In alcune risoluzioni, relative anche a questioni differenti, il MISE aveva ritenuto che le attività di somministrazione di alimenti e bevande effettuate congiuntamente ad un’attività principale di diversa tipologia, quali ad esempio discoteche, teatri, sale cinematografiche, rientrassero fra quelle fruibili solo previo possesso di un titolo di ingresso.
Se ne dovrebbe dedurre che se la discoteca è chiusa (= non può rilasciare un titolo d’ingresso) non è fruibile neppure l’annessa attività di somministrazione.

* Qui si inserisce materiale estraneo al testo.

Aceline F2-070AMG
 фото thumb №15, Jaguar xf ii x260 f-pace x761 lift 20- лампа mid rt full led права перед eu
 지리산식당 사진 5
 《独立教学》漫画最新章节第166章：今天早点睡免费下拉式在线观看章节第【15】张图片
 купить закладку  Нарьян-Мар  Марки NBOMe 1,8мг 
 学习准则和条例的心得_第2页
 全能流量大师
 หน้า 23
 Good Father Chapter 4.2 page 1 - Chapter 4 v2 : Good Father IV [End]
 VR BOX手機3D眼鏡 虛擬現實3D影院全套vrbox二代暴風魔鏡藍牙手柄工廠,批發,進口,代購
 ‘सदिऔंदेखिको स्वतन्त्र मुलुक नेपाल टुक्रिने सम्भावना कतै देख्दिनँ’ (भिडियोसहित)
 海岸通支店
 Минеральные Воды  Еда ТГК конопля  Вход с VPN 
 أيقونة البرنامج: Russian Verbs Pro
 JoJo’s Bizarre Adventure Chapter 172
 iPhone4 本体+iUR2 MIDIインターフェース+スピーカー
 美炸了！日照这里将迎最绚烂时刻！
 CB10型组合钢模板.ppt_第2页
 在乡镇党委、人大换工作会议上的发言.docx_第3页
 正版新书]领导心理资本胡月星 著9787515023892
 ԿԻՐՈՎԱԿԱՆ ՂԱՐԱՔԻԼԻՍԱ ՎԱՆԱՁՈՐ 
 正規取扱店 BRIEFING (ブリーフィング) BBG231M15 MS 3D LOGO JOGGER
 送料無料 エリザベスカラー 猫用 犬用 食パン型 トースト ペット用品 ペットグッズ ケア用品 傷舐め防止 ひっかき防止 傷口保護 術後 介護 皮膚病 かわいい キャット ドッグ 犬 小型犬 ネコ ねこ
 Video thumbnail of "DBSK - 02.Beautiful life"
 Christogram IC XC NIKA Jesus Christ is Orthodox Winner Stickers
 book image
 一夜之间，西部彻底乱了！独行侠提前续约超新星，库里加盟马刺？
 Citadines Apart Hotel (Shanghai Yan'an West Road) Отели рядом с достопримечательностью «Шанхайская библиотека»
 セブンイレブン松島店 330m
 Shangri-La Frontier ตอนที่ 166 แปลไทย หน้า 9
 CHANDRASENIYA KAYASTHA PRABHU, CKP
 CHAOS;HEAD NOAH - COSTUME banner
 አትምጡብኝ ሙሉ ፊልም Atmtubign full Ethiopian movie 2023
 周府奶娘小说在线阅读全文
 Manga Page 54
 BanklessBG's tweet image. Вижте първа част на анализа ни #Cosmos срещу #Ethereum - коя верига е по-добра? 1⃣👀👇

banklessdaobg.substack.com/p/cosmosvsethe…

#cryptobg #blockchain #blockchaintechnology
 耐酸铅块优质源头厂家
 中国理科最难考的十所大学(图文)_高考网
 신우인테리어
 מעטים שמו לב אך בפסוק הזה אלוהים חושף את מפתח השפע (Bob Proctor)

Il medesimo concetto dovrebbe essere espresso anche da leggi regionali in materia di somministrazione di alimenti e bevande: in Lombardia, ad esempio, l’art. 68 della L.R. 6/2010 stabilisce che “L’attività di intrattenimento si intende prevalente nei casi in cui la superficie utilizzata per il suo svolgimento è pari almeno ai tre quarti della superficie complessiva a disposizione, esclusi i magazzini, i depositi, gli uffici e i servizi, e la somministrazione di alimenti e bevande è effettuata esclusivamente nei confronti di chi usufruisce a pagamento dell’attività di intrattenimento.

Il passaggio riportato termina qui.